By Sunayana Sen
Programme Manager, DARAJA | Resurgence
At the heart of Khartoum, a city of more than 6 million total population, with over 50% living in informal settlements, there is Tuti Island. Tuti Island is located at the confluence of the White Nile and Blue Nile rivers making the location an advantage for agriculture. However, given its location, the island has frequently experienced flooding, which is becoming more intense. Decades of flooding means there is a wealth of indigenous knowledge on flood management in the urban island community. The community has utilised this knowledge to create a flood monitoring, early warning, and response system – the Taya System.

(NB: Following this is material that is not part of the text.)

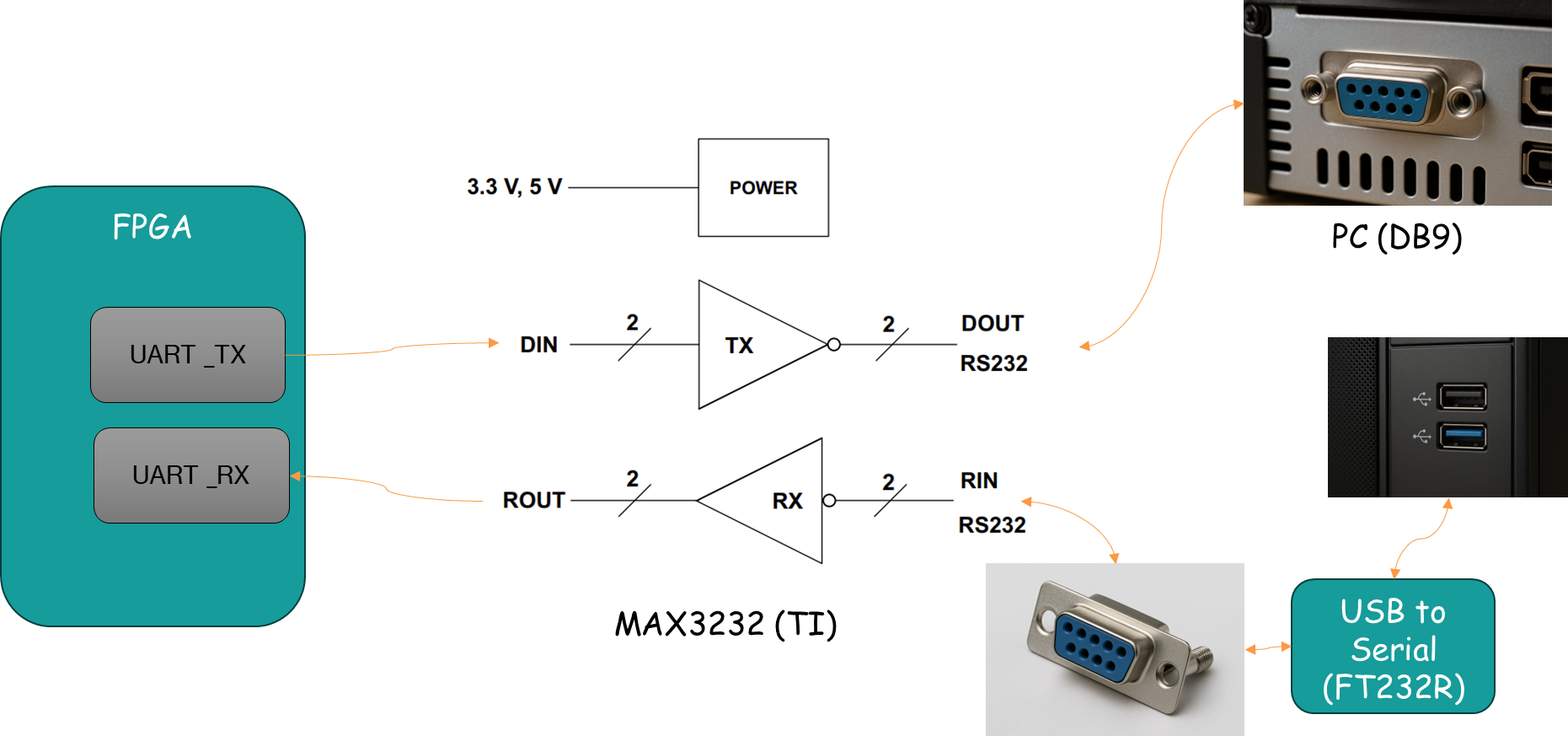 RS-232 Line Driver diagram w:750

Indigenous knowledge-based flood management
The Taya system is a community-led indigenous system. It is a network of tents, i.e., Tayas, that are built in the proximity of informal settlements that are highly vulnerable to flooding. The Tayas have multiple functions; primarily they operate as lookout points situated in strategic locations to monitor the river water level and other factors that have been identified as signs of potential flooding. Community members take on the rotational role of monitoring. When the water level crosses a certain threshold, the early warning system (EWS) is triggered, which uses drums, horns, whistles, and calls from mosques, and vital information is passed through the communities that are most likely to be impacted. During flood response, the Tayas are used as a planning and response centre, and even as shelter if possible. The Taya system is an incredible display of community collaboration and empowerment, and an excellent case study on community-led adaption which incorporates indigenous knowledge. Capacity-building of Taya members involves an informal training process using oral transmission of knowledge.

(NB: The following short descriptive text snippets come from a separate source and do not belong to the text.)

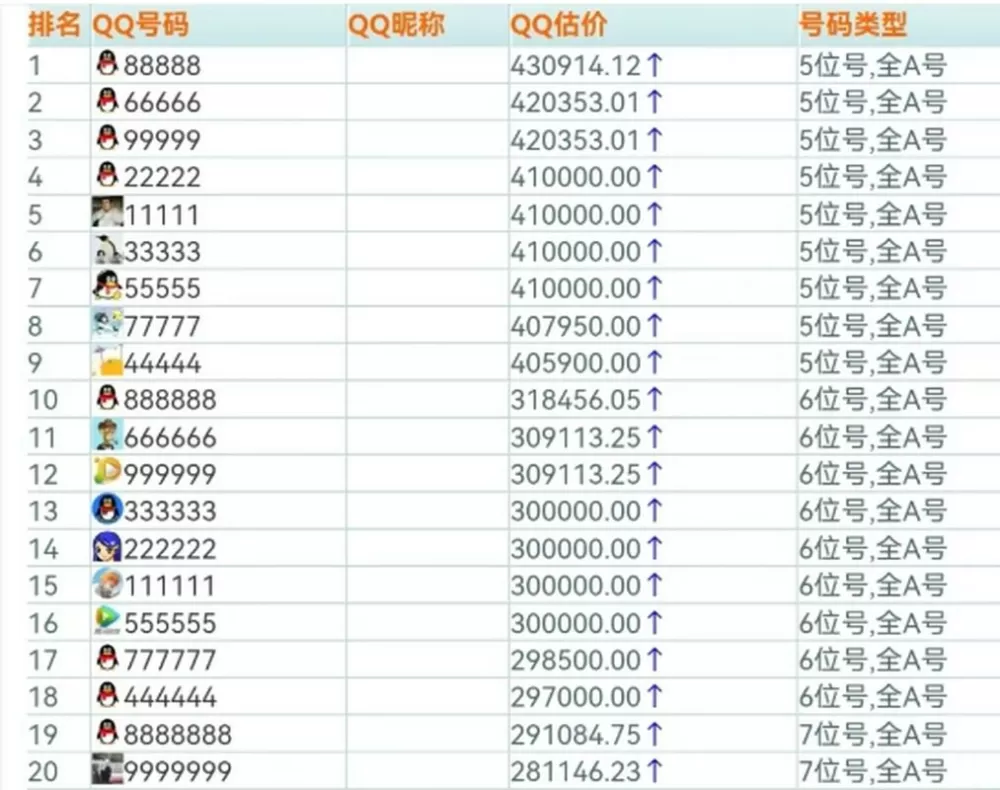 QQ代码大全可复制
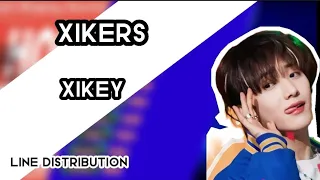 Xikers - Xikey Line distribution. |Stan-Future|.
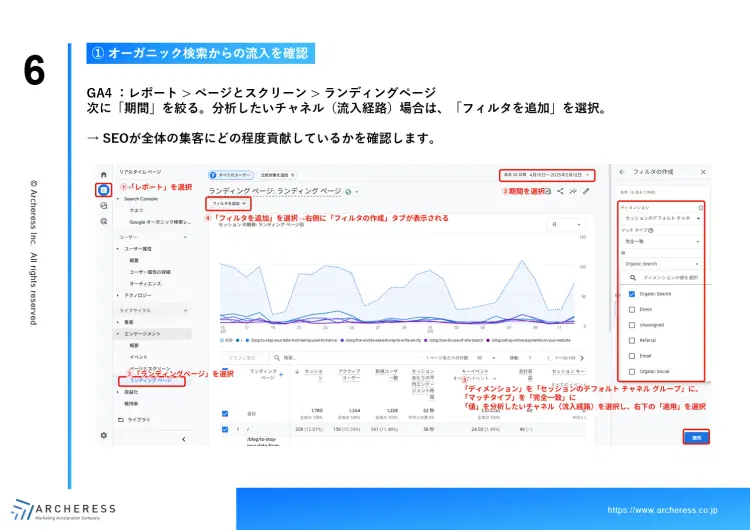 自社のSEO成果を測る方法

Strengthening the Taya system
While the Taya system has served the island well in the past, there is room to strengthen it and make it more effective and efficient and fit for purpose given the climate projections. In 2020, the urban island was devastated by floods, which directly affected over 875,000 people, claimed approximately 120 lives, and generated flood-related damages and losses amounting to over USD $3.34 billion (WorldBank, 2020). In addition to flooding, projections of temperature rise indicate that more extreme temperatures in North Africa will intensify the impacts of drought, greatly affecting the island community’s livelihood. Interestingly, the Taya System has only recently become connected to the Sudanese Civil Defence, but the system relies on its own community rather than the Government. It is entirely self-reliant, and community supported. In 2015, the island community was named a Champion of Disaster Risk Reduction by UNISDR for its approach to flood management.

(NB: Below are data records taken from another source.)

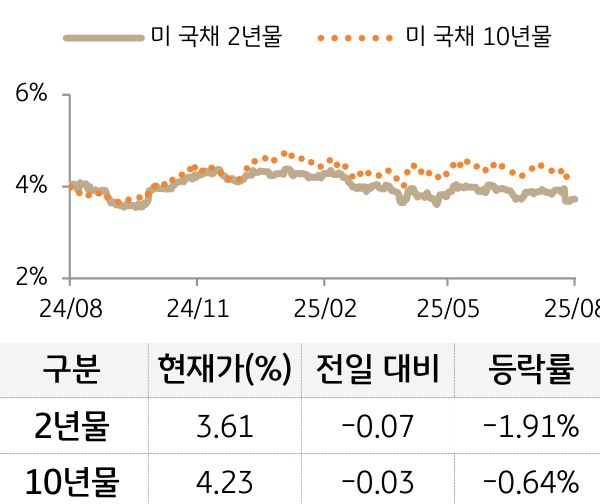 미 국채 금리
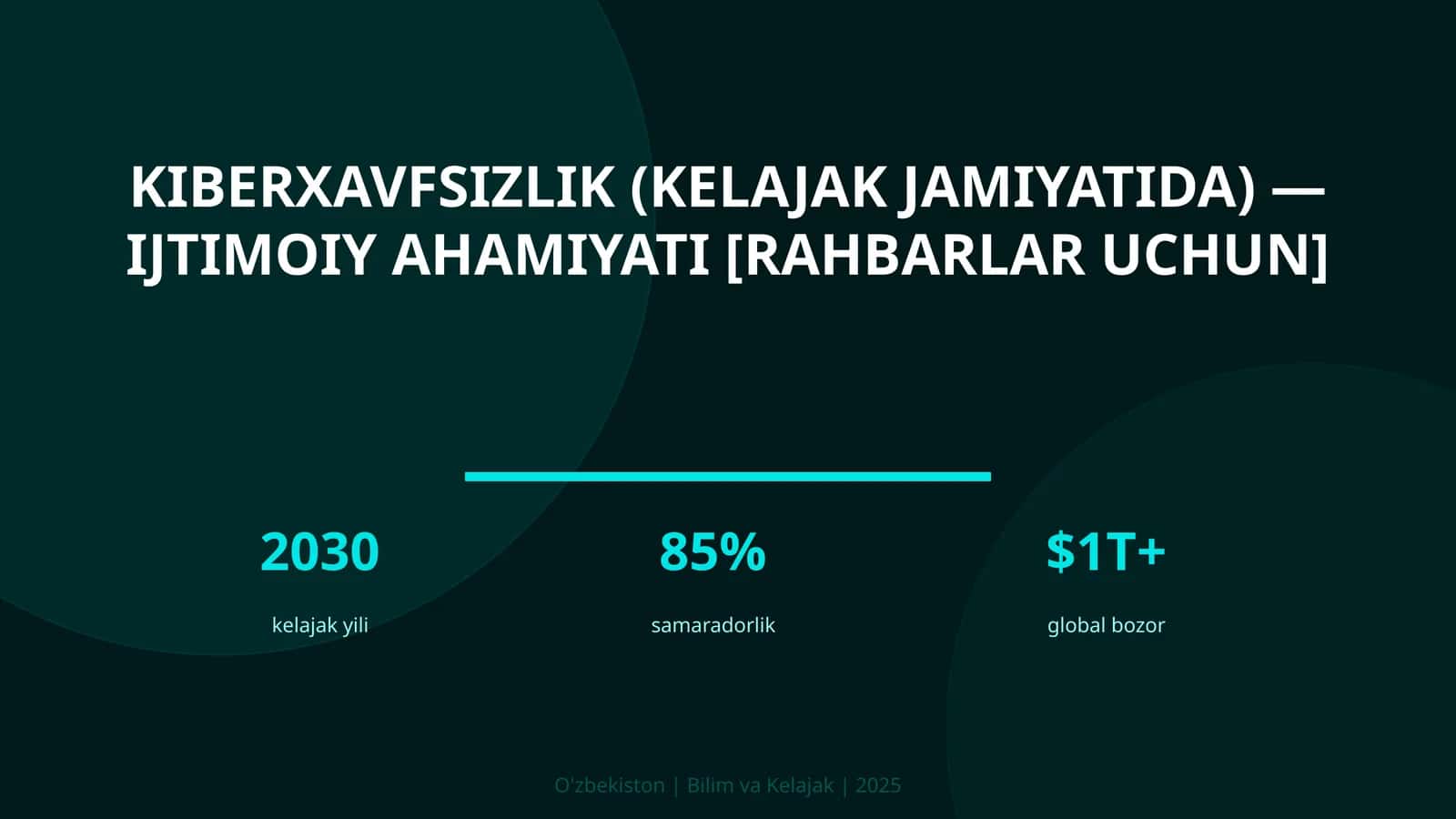 KIBERXAVFSIZLIK (KELAJAK JAMIYATIDA) — IJTIMOIY AHAMIYATI [RAHBARLAR UCHUN]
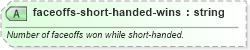 XSD Diagram of faceoffs-short-handed-wins in schema sportsml-specific-ice-hockey_xsd (SportsML)
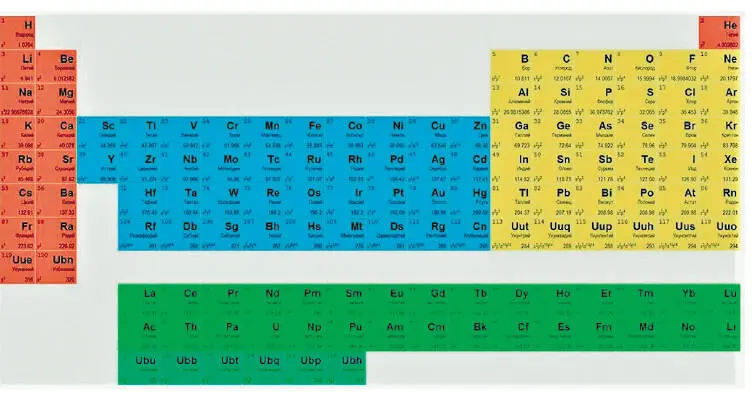 Рис ЗПериодическая Таблица химических элементов с 18тью группами - фото 3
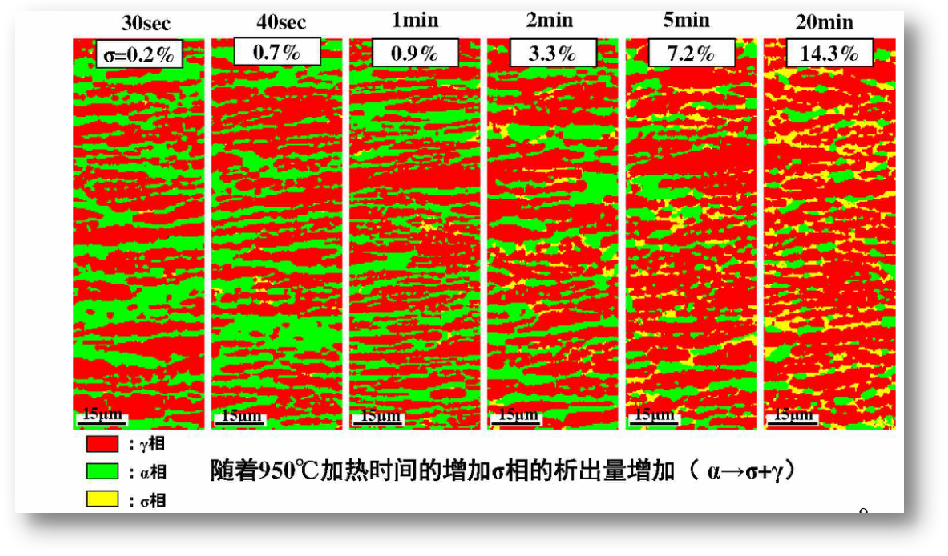 石油化工行业双相不锈钢工程应用与思考 石油化工行业双相不锈钢工程应用与思考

Tuti Island and the Taya system are a unique case for DARAJA. DARAJA’s aim is to improve the resilience of vulnerable communities through better access to and use of weather and climate information (WCI). DARAJA works closely with informal settlement communities, national meteorological services, community development organisations, and a wide range of other key public/ private stakeholders. DARAJA is working with Sudan Urban Development Think Tank (SUDTT) in Khartoum to strengthen the WCI services, including EWS, in vulnerable informal settlements. Some of the questions DARAJA and SUDTT have been discussing regarding systems like Taya are: can the system use low-cost/no-cost digital communication technology; can the system be connected to the national meteorological services’ forecasts; can this system be used as a multi-hazard EWS, including for extreme heat; is this approach replicable in other areas of Khartoum?
Informal settlements beyond Tuti Island
Zooming out from Tuti Island and looking at informal settlements across the city, we find that there is a high proportion of internally displaced persons (IDPs) and poor migrants in the settlements, alongside urban poor. IDP camps were officially created some decades ago but have since expanded in an unplanned manner vis-à-vis the wider city’s growth. Figures reported by CARE and International Organization for Migration (IOM) indicate that over 300,000 IDPs live in the four major camps in Khartoum, while the rest live in squatter settlements, inner city slums, and peripheral slums. Over and above the existing challenges of the impacts of extreme weather in informal settlements, social cohesion is a key issue in such a social setting, which is not exclusive to Khartoum and is seen in various countries. The gender dynamics are also a challenge with low levels of education and literacy among women in these areas. However, there are situations where women are seen to play a key role in resolving local conflicts and providing support to other women in the community. Applying the DARAJA approach to this context will look at the nuanced impacts of extreme weather on the intersectional vulnerable groups. Along with the DARAJA approach, lessons from Tuti Island and Taya system may provide inspiration for community led WCI services and EWS in other informal settlements.